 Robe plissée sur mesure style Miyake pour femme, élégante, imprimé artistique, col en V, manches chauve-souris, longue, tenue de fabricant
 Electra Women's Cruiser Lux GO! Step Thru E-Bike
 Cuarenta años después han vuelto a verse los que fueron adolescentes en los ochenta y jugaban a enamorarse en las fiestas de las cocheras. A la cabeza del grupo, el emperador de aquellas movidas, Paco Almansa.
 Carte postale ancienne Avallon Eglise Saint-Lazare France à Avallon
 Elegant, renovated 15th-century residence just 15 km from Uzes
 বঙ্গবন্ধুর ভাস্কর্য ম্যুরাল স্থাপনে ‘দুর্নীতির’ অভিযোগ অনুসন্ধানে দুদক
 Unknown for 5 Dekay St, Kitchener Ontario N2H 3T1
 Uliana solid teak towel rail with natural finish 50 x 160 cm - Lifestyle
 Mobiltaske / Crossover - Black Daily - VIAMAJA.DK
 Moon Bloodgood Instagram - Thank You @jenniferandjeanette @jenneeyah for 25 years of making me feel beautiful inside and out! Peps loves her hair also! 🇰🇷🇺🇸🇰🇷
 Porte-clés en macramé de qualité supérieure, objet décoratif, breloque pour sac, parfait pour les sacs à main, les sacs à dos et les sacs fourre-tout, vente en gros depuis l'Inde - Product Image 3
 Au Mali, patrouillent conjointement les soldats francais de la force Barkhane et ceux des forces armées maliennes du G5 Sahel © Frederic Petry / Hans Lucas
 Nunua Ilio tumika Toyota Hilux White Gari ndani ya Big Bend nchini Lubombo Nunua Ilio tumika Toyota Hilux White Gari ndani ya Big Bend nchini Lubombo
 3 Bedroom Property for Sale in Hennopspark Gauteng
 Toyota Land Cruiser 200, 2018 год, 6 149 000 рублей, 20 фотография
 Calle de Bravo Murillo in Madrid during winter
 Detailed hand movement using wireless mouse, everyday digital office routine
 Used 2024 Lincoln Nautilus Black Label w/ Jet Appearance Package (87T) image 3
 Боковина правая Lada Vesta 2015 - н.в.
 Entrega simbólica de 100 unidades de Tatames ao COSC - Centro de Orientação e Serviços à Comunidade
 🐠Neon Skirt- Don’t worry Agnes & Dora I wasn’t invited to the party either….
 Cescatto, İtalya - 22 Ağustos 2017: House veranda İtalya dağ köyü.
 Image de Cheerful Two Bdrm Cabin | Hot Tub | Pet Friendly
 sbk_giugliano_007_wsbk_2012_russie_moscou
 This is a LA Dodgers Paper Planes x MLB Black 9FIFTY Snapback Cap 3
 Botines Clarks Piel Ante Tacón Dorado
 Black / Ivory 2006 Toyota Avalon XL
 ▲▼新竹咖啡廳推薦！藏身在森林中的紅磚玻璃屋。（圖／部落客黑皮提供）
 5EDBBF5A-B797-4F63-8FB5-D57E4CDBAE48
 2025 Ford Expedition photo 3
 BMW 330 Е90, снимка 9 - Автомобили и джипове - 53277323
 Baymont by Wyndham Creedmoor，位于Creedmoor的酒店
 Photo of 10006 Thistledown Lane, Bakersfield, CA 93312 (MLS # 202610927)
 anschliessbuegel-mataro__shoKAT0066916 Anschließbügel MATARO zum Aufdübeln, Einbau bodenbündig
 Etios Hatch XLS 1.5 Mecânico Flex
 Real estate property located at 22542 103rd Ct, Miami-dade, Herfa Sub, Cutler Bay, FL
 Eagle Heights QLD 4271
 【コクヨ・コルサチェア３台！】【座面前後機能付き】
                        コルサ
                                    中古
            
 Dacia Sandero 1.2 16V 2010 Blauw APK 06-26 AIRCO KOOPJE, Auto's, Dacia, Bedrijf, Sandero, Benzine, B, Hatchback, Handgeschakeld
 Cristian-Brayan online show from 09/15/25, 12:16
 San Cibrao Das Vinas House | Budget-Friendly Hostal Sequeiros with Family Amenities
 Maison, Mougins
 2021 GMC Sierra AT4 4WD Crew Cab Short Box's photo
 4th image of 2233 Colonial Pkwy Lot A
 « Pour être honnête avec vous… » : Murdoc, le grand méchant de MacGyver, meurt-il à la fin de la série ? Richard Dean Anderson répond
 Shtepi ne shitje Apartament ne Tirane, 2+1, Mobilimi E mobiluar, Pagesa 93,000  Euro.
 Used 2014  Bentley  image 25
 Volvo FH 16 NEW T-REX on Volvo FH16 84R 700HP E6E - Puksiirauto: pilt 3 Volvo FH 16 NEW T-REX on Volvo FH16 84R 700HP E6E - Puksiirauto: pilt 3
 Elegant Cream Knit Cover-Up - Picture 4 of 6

Requirement
The records above must each be restated exactly as they stand.

Written reply
 Robe plissée sur mesure style Miyake pour femme, élégante, imprimé artistique, col en V, manches chauve-souris, longue, tenue de fabricant
 Electra Women's Cruiser Lux GO! Step Thru E-Bike
 Cuarenta años después han vuelto a verse los que fueron adolescentes en los ochenta y jugaban a enamorarse en las fiestas de las cocheras. A la cabeza del grupo, el emperador de aquellas movidas, Paco Almansa.
 Carte postale ancienne Avallon Eglise Saint-Lazare France à Avallon
 Elegant, renovated 15th-century residence just 15 km from Uzes
 বঙ্গবন্ধুর ভাস্কর্য ম্যুরাল স্থাপনে ‘দুর্নীতির’ অভিযোগ অনুসন্ধানে দুদক
 Unknown for 5 Dekay St, Kitchener Ontario N2H 3T1
 Uliana solid teak towel rail with natural finish 50 x 160 cm - Lifestyle
 Mobiltaske / Crossover - Black Daily - VIAMAJA.DK
 Moon Bloodgood Instagram - Thank You @jenniferandjeanette @jenneeyah for 25 years of making me feel beautiful inside and out! Peps loves her hair also! 🇰🇷🇺🇸🇰🇷
 Porte-clés en macramé de qualité supérieure, objet décoratif, breloque pour sac, parfait pour les sacs à main, les sacs à dos et les sacs fourre-tout, vente en gros depuis l'Inde - Product Image 3
 Au Mali, patrouillent conjointement les soldats francais de la force Barkhane et ceux des forces armées maliennes du G5 Sahel © Frederic Petry / Hans Lucas
 Nunua Ilio tumika Toyota Hilux White Gari ndani ya Big Bend nchini Lubombo Nunua Ilio tumika Toyota Hilux White Gari ndani ya Big Bend nchini Lubombo
 3 Bedroom Property for Sale in Hennopspark Gauteng
 Toyota Land Cruiser 200, 2018 год, 6 149 000 рублей, 20 фотография
 Calle de Bravo Murillo in Madrid during winter
 Detailed hand movement using wireless mouse, everyday digital office routine
 Used 2024 Lincoln Nautilus Black Label w/ Jet Appearance Package (87T) image 3
 Боковина правая Lada Vesta 2015 - н.в.
 Entrega simbólica de 100 unidades de Tatames ao COSC - Centro de Orientação e Serviços à Comunidade
 🐠Neon Skirt- Don’t worry Agnes & Dora I wasn’t invited to the party either….
 Cescatto, İtalya - 22 Ağustos 2017: House veranda İtalya dağ köyü.
 Image de Cheerful Two Bdrm Cabin | Hot Tub | Pet Friendly
 sbk_giugliano_007_wsbk_2012_russie_moscou
 This is a LA Dodgers Paper Planes x MLB Black 9FIFTY Snapback Cap 3
 Botines Clarks Piel Ante Tacón Dorado
 Black / Ivory 2006 Toyota Avalon XL
 ▲▼新竹咖啡廳推薦！藏身在森林中的紅磚玻璃屋。（圖／部落客黑皮提供）
 5EDBBF5A-B797-4F63-8FB5-D57E4CDBAE48
 2025 Ford Expedition photo 3
 BMW 330 Е90, снимка 9 - Автомобили и джипове - 53277323
 Baymont by Wyndham Creedmoor，位于Creedmoor的酒店
 Photo of 10006 Thistledown Lane, Bakersfield, CA 93312 (MLS # 202610927)
 anschliessbuegel-mataro__shoKAT0066916 Anschließbügel MATARO zum Aufdübeln, Einbau bodenbündig
 Etios Hatch XLS 1.5 Mecânico Flex
 Real estate property located at 22542 103rd Ct, Miami-dade, Herfa Sub, Cutler Bay, FL
 Eagle Heights QLD 4271
 【コクヨ・コルサチェア３台！】【座面前後機能付き】
                        コルサ
                                    中古
            
 Dacia Sandero 1.2 16V 2010 Blauw APK 06-26 AIRCO KOOPJE, Auto's, Dacia, Bedrijf, Sandero, Benzine, B, Hatchback, Handgeschakeld
 Cristian-Brayan online show from 09/15/25, 12:16
 San Cibrao Das Vinas House | Budget-Friendly Hostal Sequeiros with Family Amenities
 Maison, Mougins
 2021 GMC Sierra AT4 4WD Crew Cab Short Box's photo
 4th image of 2233 Colonial Pkwy Lot A
 « Pour être honnête avec vous… » : Murdoc, le grand méchant de MacGyver, meurt-il à la fin de la série ? Richard Dean Anderson répond
 Shtepi ne shitje Apartament ne Tirane, 2+1, Mobilimi E mobiluar, Pagesa 93,000  Euro.
 Used 2014  Bentley  image 25
 Volvo FH 16 NEW T-REX on Volvo FH16 84R 700HP E6E - Puksiirauto: pilt 3 Volvo FH 16 NEW T-REX on Volvo FH16 84R 700HP E6E - Puksiirauto: pilt 3
 Elegant Cream Knit Cover-Up - Picture 4 of 6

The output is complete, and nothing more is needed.